As with the previous post, I want to mention some other work I did related to my DPhil course. This project was about implementing an algorithm to numerically compute conformal maps between simply connected domains and the unit disk. By the Riemann Mapping Theorem we know that for every such domain, a map must exist, but finding it analytically is rarely easy if possible at all. A good discussion of these ideas can be found, for instance, in Terence Tao’s lecture notes on the subject. Given a domain, there are several ways to numerically construct a map which approximates the conformal map guaranteed by this Theorem, such as by approximating the domain by polygons and using Schwarz-Christoffel maps to map it to the unit disk.
I implemented the Geodesic or Zipper algorithm due to Don Marshall. The full code (in Matlab) can be found here, along with a few graphical tools to explore it. It has some precision problems for domains with “sharp” boundaries for the inverse map (that is, mapping the unit disk to a given domain) but overall I’m pretty happy with the results. I did not include all of the approximations one could to make the algorithm both more accurate and more efficient, but I may come back to this later and do that, as well as demonstrate some of the applications of these maps. If you’re interested, I would also check out this Thesis on the topic which I found to be useful. It also contains Python code for this algorithm as well as another approach using sphere packing. Below I will include a few examples of what this code can generate, but I encourage you to download it and play with it yourself. As always, comments and questions are appreciated!
Here is an example map from a Carleson grid, where each successive circle has 
Here is an example of mapping a triangular domain to the unit disk.
Lastly, here is a mapping from a 4th-iteration Koch Snowflake to the unit disk.
The inverse map for this domain has numerical problems as mentioned above. These could likely be remedied via various approximations that I may implement later.
Empathic Dynamics 
Hi,
Looking forward to source dive your MATLAB implementation. It appears you have a dead link in there (“this Thesis”) and I was wondering what were you referring to?
— Tatu Leinonen
Hi Tatu.
Apologies. This link should work, and I’ll try and update the post shortly. Let me know if you have any questions about my terrible implementation ;).
Click to access 52106179.pdf
Best regards,
Andrew Krause
Hi,
Thank you for your quick response.

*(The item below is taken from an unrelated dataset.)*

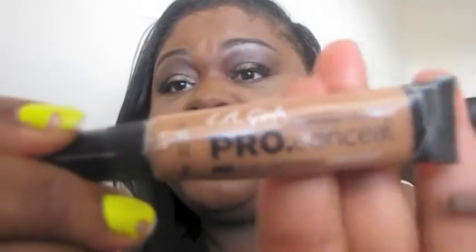My most used concealer is the LA Girl Pro Concealer in toffee. I've been using this for months now and it has really good coverage. It reminds me of the matte prolong concealer, but I actually like the LA Girl better because it covers the dark areas under my eyes. It's a really good concealer for the price — only about two dollars.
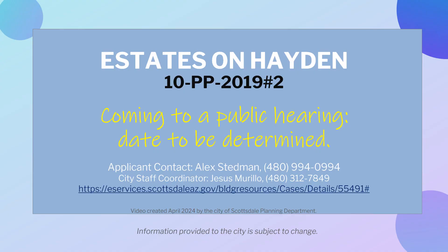This recent proposal will go to a public hearing in the future. For more details or to submit a comment about this proposal, please visit the website provided.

The thesis seems to be of high quality and I can see why you’d cite it.
Best,
— Tatu
As discussed elsewhere, I’d like to issue some corrections to terminology:
– There is a family of algorithms (see https://arxiv.org/abs/math/0605532v1) in which geodesic is the first and Zipper is the third. The geodesic algorithm can be solved explicitly, while Zipper requires a numerical approach. Both the thesis and the post refer to the geodesic algorithm.
– What is called here “sphere packing” is actually “circle packing”. The first is the study of fitting n-dimensional spheres in an n-dimensional space, while the latter involves finding a configuration of planar circles under given combinatorics and other constraints. Despite the name, the two have very little in common.